Your instructions: From the first line of the data through the line containing "BMW 520d F11 Touring Bi-Xenon*Navi*Temp*AHK*", return each line exactly.

----

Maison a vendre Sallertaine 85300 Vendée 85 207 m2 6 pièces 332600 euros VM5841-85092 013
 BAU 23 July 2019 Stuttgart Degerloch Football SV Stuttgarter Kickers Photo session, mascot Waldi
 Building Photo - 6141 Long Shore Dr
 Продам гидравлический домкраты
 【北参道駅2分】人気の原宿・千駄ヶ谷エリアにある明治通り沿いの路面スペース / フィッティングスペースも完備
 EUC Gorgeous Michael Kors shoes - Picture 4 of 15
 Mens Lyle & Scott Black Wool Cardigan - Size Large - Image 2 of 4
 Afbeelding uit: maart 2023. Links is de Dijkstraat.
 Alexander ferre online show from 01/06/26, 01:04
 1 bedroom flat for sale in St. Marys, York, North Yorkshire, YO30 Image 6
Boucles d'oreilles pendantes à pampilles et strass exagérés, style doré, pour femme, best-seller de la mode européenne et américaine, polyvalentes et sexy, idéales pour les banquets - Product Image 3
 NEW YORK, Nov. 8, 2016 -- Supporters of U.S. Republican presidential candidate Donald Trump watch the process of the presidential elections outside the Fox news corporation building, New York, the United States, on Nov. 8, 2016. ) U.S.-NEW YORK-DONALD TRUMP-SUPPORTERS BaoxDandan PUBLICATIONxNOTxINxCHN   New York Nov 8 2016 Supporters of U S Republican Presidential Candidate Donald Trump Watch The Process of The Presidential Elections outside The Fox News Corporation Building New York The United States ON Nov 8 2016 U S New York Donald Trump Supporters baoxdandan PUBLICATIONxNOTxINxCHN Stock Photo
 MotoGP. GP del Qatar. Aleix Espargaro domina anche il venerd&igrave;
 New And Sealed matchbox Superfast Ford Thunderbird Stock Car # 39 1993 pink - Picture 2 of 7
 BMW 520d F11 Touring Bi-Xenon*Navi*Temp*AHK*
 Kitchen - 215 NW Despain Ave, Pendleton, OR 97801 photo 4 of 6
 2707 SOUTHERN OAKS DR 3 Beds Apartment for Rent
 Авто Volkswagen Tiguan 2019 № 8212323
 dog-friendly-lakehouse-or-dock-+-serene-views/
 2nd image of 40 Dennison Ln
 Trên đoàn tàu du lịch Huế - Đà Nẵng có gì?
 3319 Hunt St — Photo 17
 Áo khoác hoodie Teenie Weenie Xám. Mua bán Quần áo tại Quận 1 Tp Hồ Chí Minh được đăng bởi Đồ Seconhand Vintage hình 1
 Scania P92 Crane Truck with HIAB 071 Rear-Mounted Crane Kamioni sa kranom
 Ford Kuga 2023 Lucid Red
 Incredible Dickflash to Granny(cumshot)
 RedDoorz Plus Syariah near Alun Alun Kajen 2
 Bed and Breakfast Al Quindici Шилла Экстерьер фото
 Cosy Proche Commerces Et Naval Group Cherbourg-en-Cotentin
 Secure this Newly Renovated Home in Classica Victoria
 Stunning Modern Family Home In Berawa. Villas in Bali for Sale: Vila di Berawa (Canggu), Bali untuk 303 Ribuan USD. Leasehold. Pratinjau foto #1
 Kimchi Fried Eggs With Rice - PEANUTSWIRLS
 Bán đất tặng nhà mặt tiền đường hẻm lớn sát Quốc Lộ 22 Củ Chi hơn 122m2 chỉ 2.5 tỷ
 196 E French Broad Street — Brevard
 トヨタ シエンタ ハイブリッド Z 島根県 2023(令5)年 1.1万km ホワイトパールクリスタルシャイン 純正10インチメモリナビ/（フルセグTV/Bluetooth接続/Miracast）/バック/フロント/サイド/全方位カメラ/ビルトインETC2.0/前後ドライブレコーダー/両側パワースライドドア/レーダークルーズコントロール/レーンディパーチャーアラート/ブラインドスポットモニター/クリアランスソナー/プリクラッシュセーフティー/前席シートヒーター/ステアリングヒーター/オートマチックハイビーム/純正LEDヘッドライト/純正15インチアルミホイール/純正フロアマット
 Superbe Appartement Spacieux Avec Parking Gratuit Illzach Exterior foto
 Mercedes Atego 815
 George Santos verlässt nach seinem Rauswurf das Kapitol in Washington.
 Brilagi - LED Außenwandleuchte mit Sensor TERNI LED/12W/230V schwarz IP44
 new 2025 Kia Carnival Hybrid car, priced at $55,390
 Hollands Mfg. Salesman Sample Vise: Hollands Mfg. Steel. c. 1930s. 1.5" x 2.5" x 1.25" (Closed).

----

Exercise solution:
Maison a vendre Sallertaine 85300 Vendée 85 207 m2 6 pièces 332600 euros VM5841-85092 013
 BAU 23 July 2019 Stuttgart Degerloch Football SV Stuttgarter Kickers Photo session, mascot Waldi
 Building Photo - 6141 Long Shore Dr
 Продам гидравлический домкраты
 【北参道駅2分】人気の原宿・千駄ヶ谷エリアにある明治通り沿いの路面スペース / フィッティングスペースも完備
 EUC Gorgeous Michael Kors shoes - Picture 4 of 15
 Mens Lyle & Scott Black Wool Cardigan - Size Large - Image 2 of 4
 Afbeelding uit: maart 2023. Links is de Dijkstraat.
 Alexander ferre online show from 01/06/26, 01:04
 1 bedroom flat for sale in St. Marys, York, North Yorkshire, YO30 Image 6
Boucles d'oreilles pendantes à pampilles et strass exagérés, style doré, pour femme, best-seller de la mode européenne et américaine, polyvalentes et sexy, idéales pour les banquets - Product Image 3
 NEW YORK, Nov. 8, 2016 -- Supporters of U.S. Republican presidential candidate Donald Trump watch the process of the presidential elections outside the Fox news corporation building, New York, the United States, on Nov. 8, 2016. ) U.S.-NEW YORK-DONALD TRUMP-SUPPORTERS BaoxDandan PUBLICATIONxNOTxINxCHN   New York Nov 8 2016 Supporters of U S Republican Presidential Candidate Donald Trump Watch The Process of The Presidential Elections outside The Fox News Corporation Building New York The United States ON Nov 8 2016 U S New York Donald Trump Supporters baoxdandan PUBLICATIONxNOTxINxCHN Stock Photo
 MotoGP. GP del Qatar. Aleix Espargaro domina anche il venerd&igrave;
 New And Sealed matchbox Superfast Ford Thunderbird Stock Car # 39 1993 pink - Picture 2 of 7
 BMW 520d F11 Touring Bi-Xenon*Navi*Temp*AHK*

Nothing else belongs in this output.